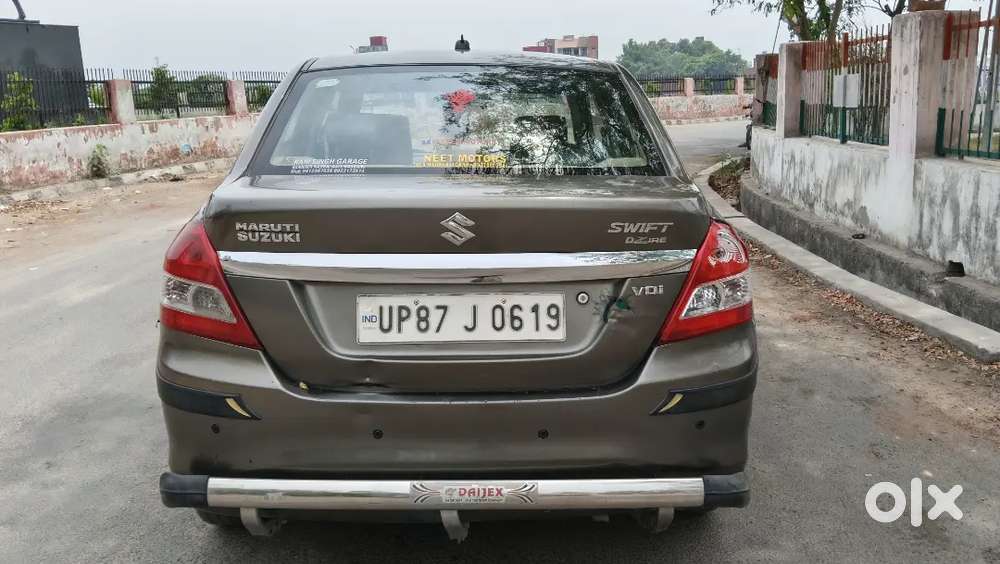 Maruti Suzuki Dzire 2017 Year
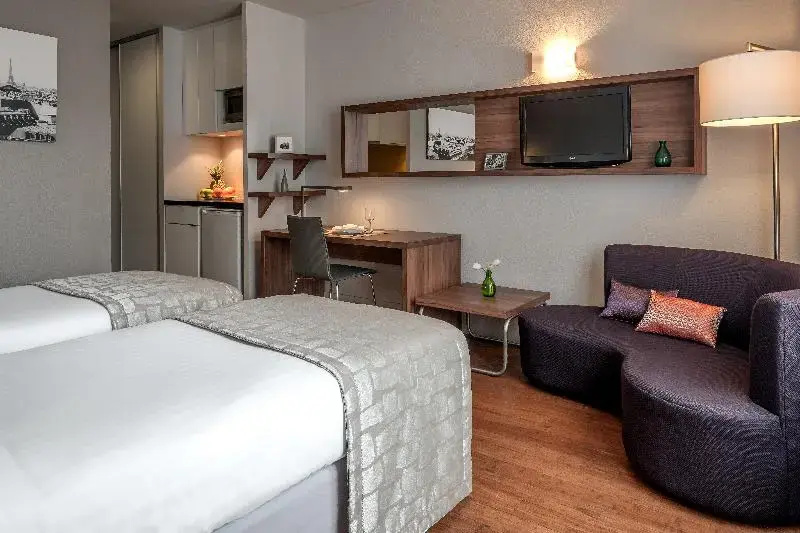 Citadines Les Halles Paris 42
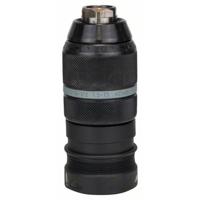 Bosch Accessories 1617000328 Snelspanboorhouder met adapter, 1,5 - 13 mm, SDS plus, GBH 2-24DFR/PBH 240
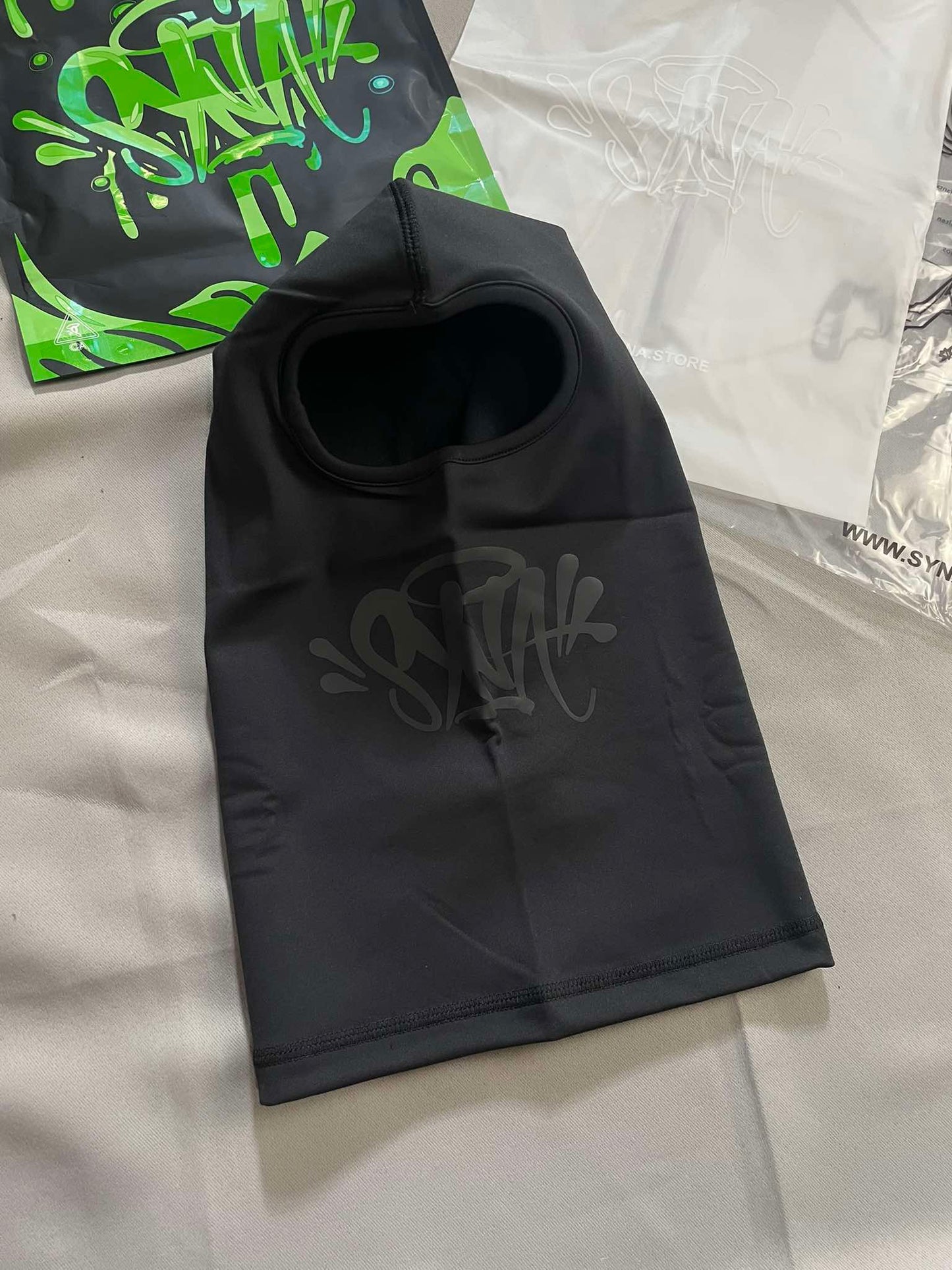 Syna Reflective Balaclava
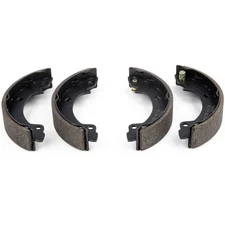 For Hyundai Excel Scoupe Mitsubishi Precis 1989-1992 Magma Brake Shoe Set CSW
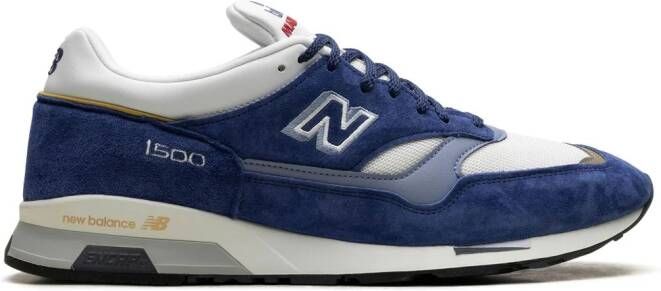 New Balance 1500MiE "Blue White" sneakers Blauw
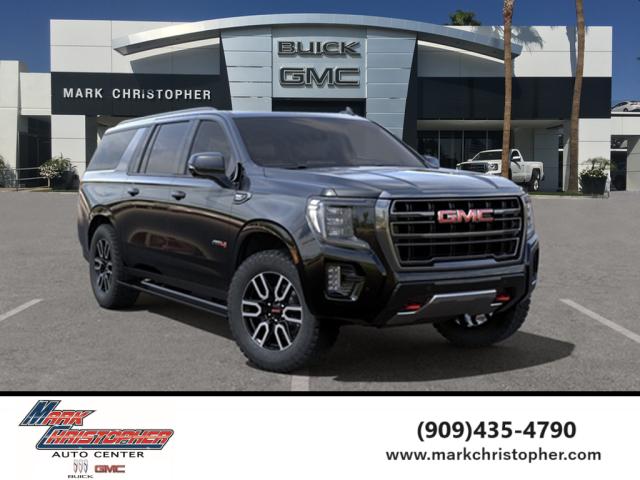 new 2024 GMC Yukon XL car, priced at $82,615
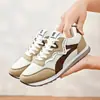 Zapatos Deportivos para Pareja Tallas Grandes Antideslizantes Resistentes al Desgaste Casual Zapatos para Correr Zapatos de Hombre Entrenamiento Alemán Zapatos Forrest Gump Zapatos de Mujer Talla Grande Suela de Goma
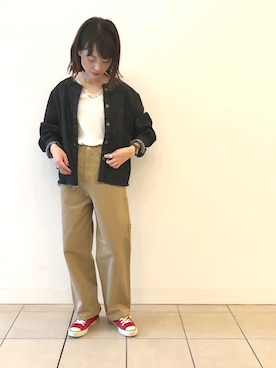 HARUKAさんのコーディネート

--------------------------------

Task description: Write out the records above exactly. Pictures do not belong in the copy.

Worked solution:
 Maruti Suzuki Dzire 2017 Year
 Citadines Les Halles Paris 42
 Bosch Accessories 1617000328 Snelspanboorhouder met adapter, 1,5 - 13 mm, SDS plus, GBH 2-24DFR/PBH 240
 Syna Reflective Balaclava
 For Hyundai Excel Scoupe Mitsubishi Precis 1989-1992 Magma Brake Shoe Set CSW
 New Balance 1500MiE "Blue White" sneakers Blauw
 new 2024 GMC Yukon XL car, priced at $82,615
 Zapatos Deportivos para Pareja Tallas Grandes Antideslizantes Resistentes al Desgaste Casual Zapatos para Correr Zapatos de Hombre Entrenamiento Alemán Zapatos Forrest Gump Zapatos de Mujer Talla Grande Suela de Goma
 HARUKAさんのコーディネート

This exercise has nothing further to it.